Chuck Berry, rock'n'roll legend, dies at 90
Monday, 20th March, 2017
CHUCK Berry, whose roistering songs to teendom laid the ground work for rock'n'roll, was one of the last surviving giants who took the music out of America's Deep South to the world.
Berry, who has died at the age of 90, was a decade older than his fellow southerners, Elvis Presley, Johnny Cash, Carl Perkins and Jerry Lee Lewis, but as the only African American among the early all-stars, his songs were pivotal in fusing rock-a-billy with country and R&B and pushing rock'n'roll into the consciousness of white American teenagers.
His masterpieces, including Maybellene, Johnny B. Goode, Sweet Little Sixteen, No Particular Place to Go, Roll Over Beethoven and Rock and Roll Music, celebrated the joys of youth for early baby boomers.
But coming out of the mind of a 30-year-old who had grown up in segregated America, his music had an edge and double entendre singularly lacking in most of the other early rockers.
His guitar riffs, and onstage duck walk defined rock'n'roll during its early years and his music became the soundtrack for generations and inspired musicians across the world wanting to embrace the sound that celebrated youth.
Berry also laid the the template for the rock'n'roll lifestyle.
He did jail time. Three times. First for armed robbery. Second for transporting an under-age Apache girl "across state lines for immoral purposes". Third for tax evasion.
The Apache girl incident, resulting in his being jailed in 1962, threatened to end his career.
Rock'n'roll was entering a warm fuzzy period where manufactured rockers like Fabian, Ricky Nelson and Bobby Vee, were buffing the music's edges.
The days when overt songs about sex sang by men from the wrong side of the tracks were over.
However, Berry's career was rebooted by other musicians.
The Beach Boys 1963 hit Surfin' U.S.A. used his Sixteen riff, the Beatles covered Beethoven and Rock and Roll Music, and the British Invasion post-1964 helped Berry and many Southern blues singers onto the world stage and Berry toured for years taking his riffs and duck-walk to any place that would pay.
He first visited Australia in January 1959, playing the Sydney Stadium on a bill with Bobby Darin, George Hamilton IV, Jo Ann Campbell and Johnny O'Keefe and the Dee Jays.
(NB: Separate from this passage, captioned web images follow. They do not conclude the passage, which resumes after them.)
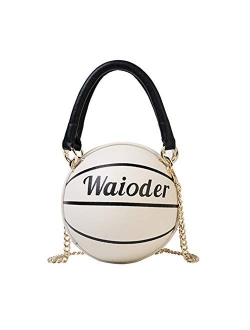 Waioder Basketball Shaped Purse for Women Girls Tote Shoulder Handbag Crossbody Bag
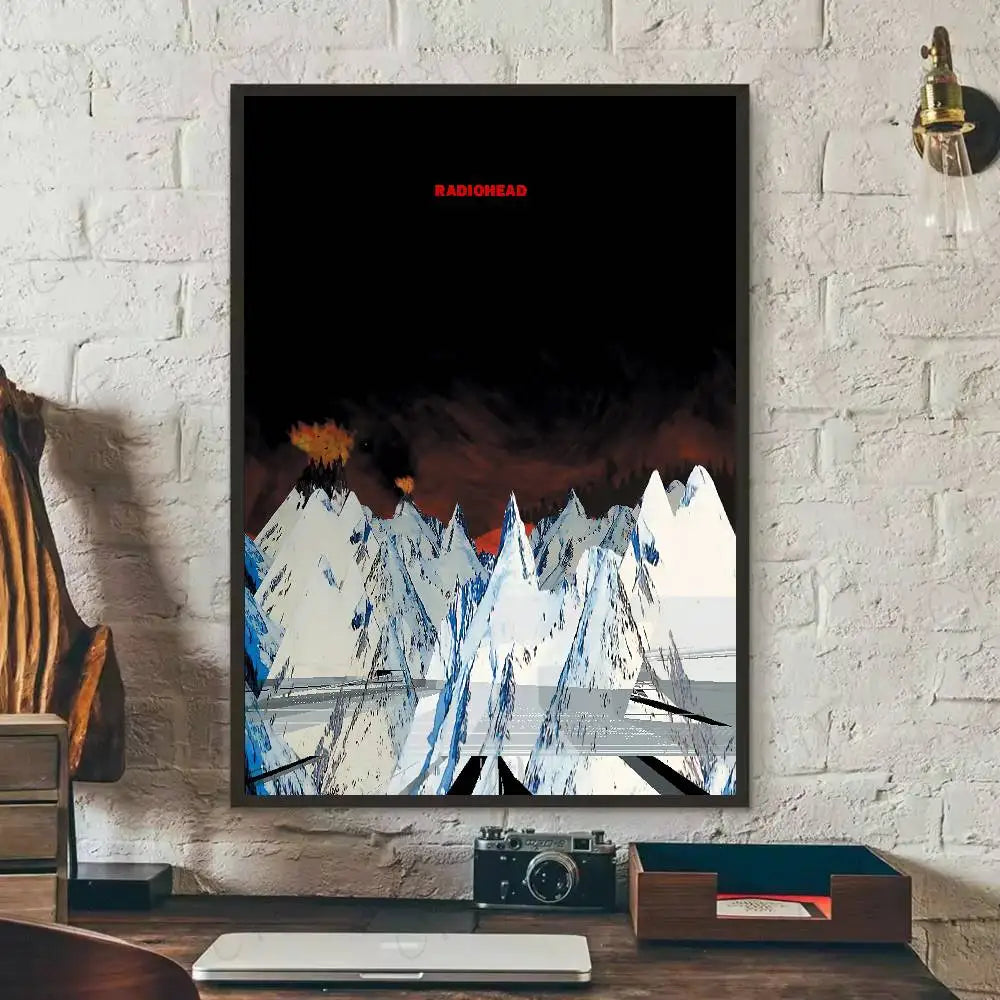 Rock Band R-Radiohead Poster Gallery Prints Self Adhesive Home Decor Decoration Wall Decals Living Room Sticker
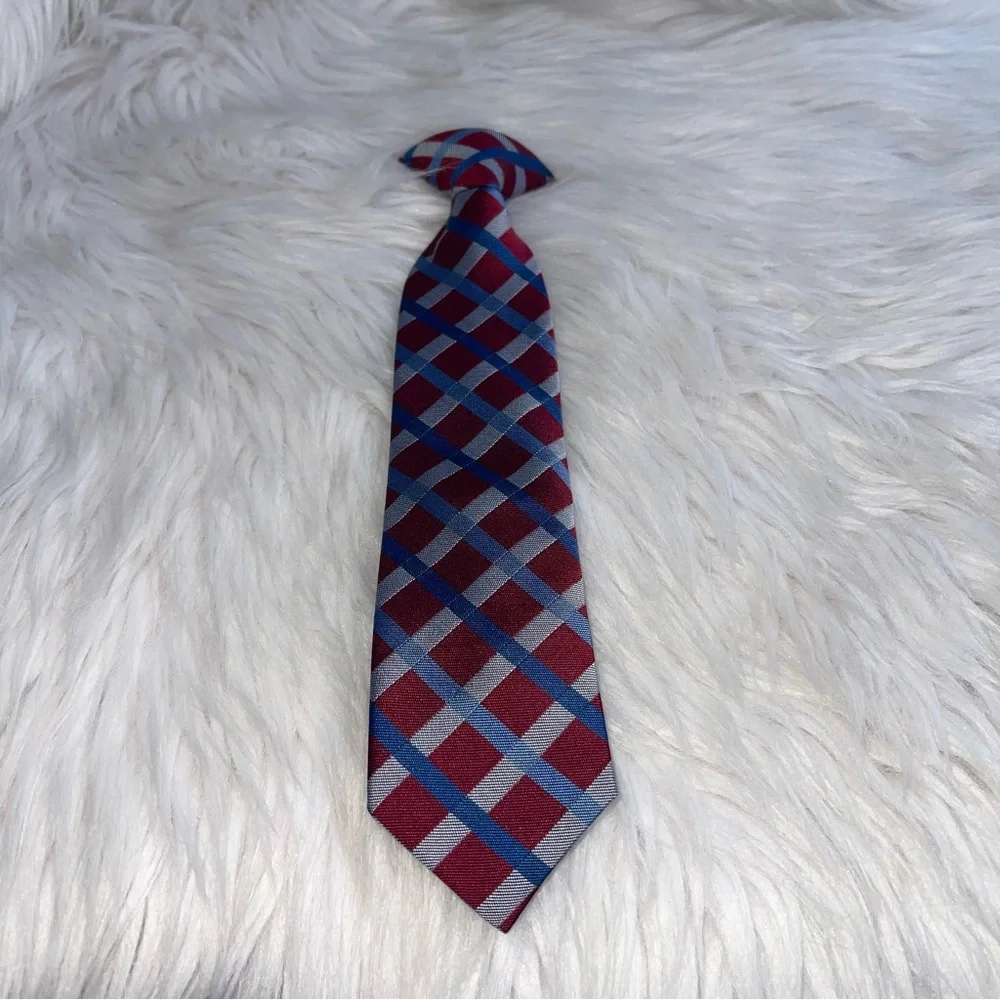 Unbranded Kids Clip On Tie Maroon & Blue Striped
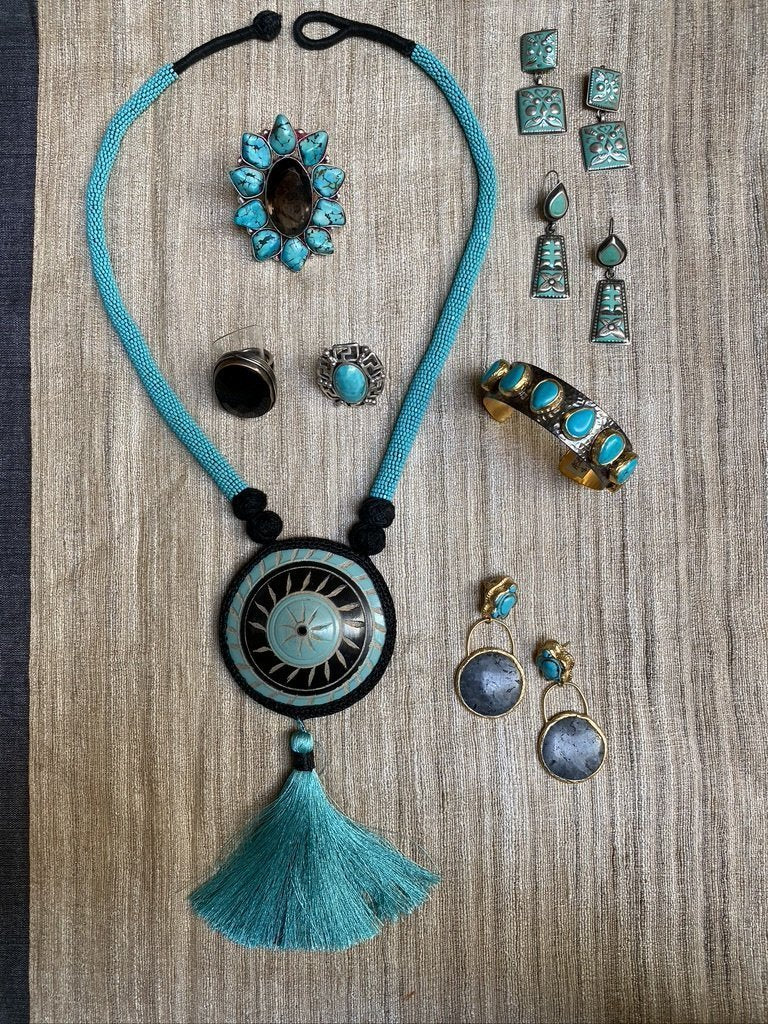 Turquoise beads buttons earrings cuff ring Andrea Serrahn Serrahna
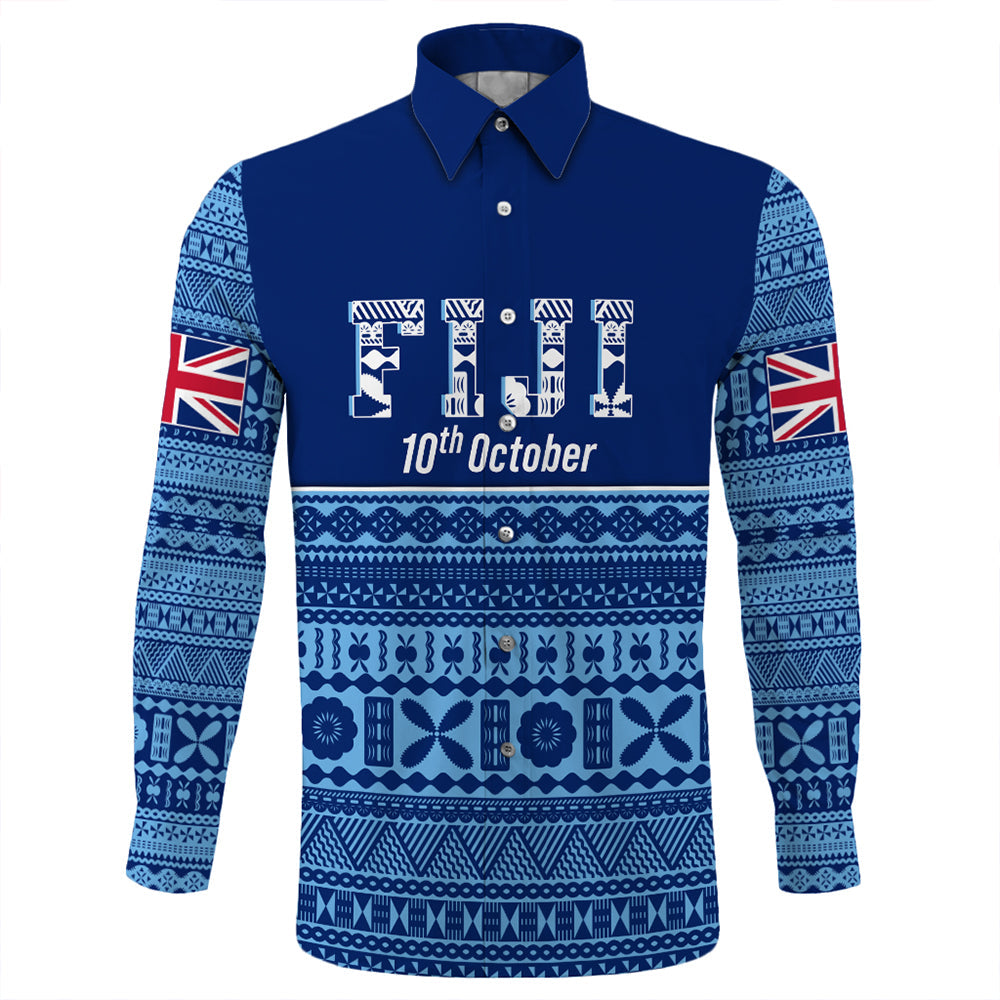 Fiji Independence Day Long Sleeve Button Shirt LT10 Unisex Blue - Polynesian Pride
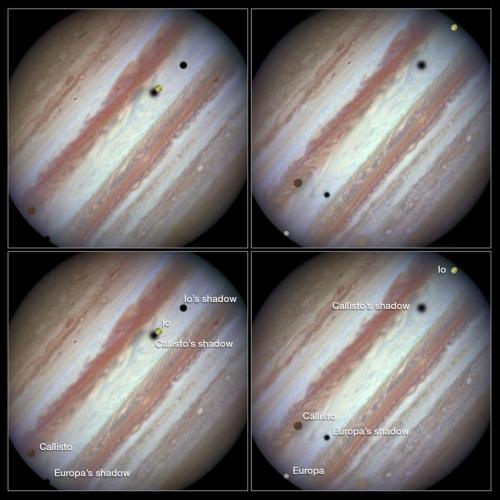 Hubble Captures Rare Triple Transit of Moons across Jupiter’s Disk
In 1973 - after returning to the record company that made him, Chicago's Chess Records and making a novelty recording about accoutrements, My Ding-a-Ling, that became his only US No.1 - he returned to Australia.
His Melbourne concert was delayed for nearly two hours as he refused to play until he was paid up front in US dollars.
Despite his often precarious life, Berry and his wife Themetta remained married for 69 years but on the road he had a reputation as a tough loner who used backup bands, and demanded payment in advance, a specific kind of amplifier and a limousine (with no driver) for his shows. In 1986, one of his worshippers, Keith Richards assembled an all-star backup band (including Eric Clapton, Robert Cray, and sax player Bobby Keys) to play behind him in the documentary Hail! Hail! Rock 'n' Roll. The old rocker was filmed intimidating Richards and demanding an extra cash payment of $25,000.
But when he died on Saturday at his home in Missouri not far from where he was born in 1926, rock's pantheon came out to mourn.
Ringo Starr was one of the first to post a tribute on social media, tweeting "R I P. And peace and love Chuck Berry Mr. rock 'n' roll music".
"Just let me hear some of that rock 'n' roll music any old way you use it I am playing I'm talking about you. God bless Chuck Berry Chuck" he wrote in a second tweet.
"Chuck Berry was rock's greatest practitioner, guitarist, and the greatest pure rock 'n' roll writer who ever lived. This is a tremendous loss of a giant for the ages," Bruce Springsteen posted on his Facebook page and on Twitter.
The Rolling Stones said they were "deeply saddened" to hear of Berry's death.
"He was a true pioneer of rock & roll and a massive influence on us. Chuck was not only a brilliant guitarist, singer and performer, but most importantly, he was a master craftsman as a songwriter. His songs will live forever," the band said in a statement.
In his own statement, Mick Jagger said: "I want to thank him for all the inspirational music he gave to us. He lit up our teenage years, and blew life into our dreams of being musicians and performers. His lyrics shone above others and threw a strange light on the American dream. Chuck, you were amazing, and your music is engraved inside us forever."
Keith Richard said it all: "One of my big lights has gone out". Hail Hail Chuck Berry!!! None of us would have been here without you. Rock on brother!"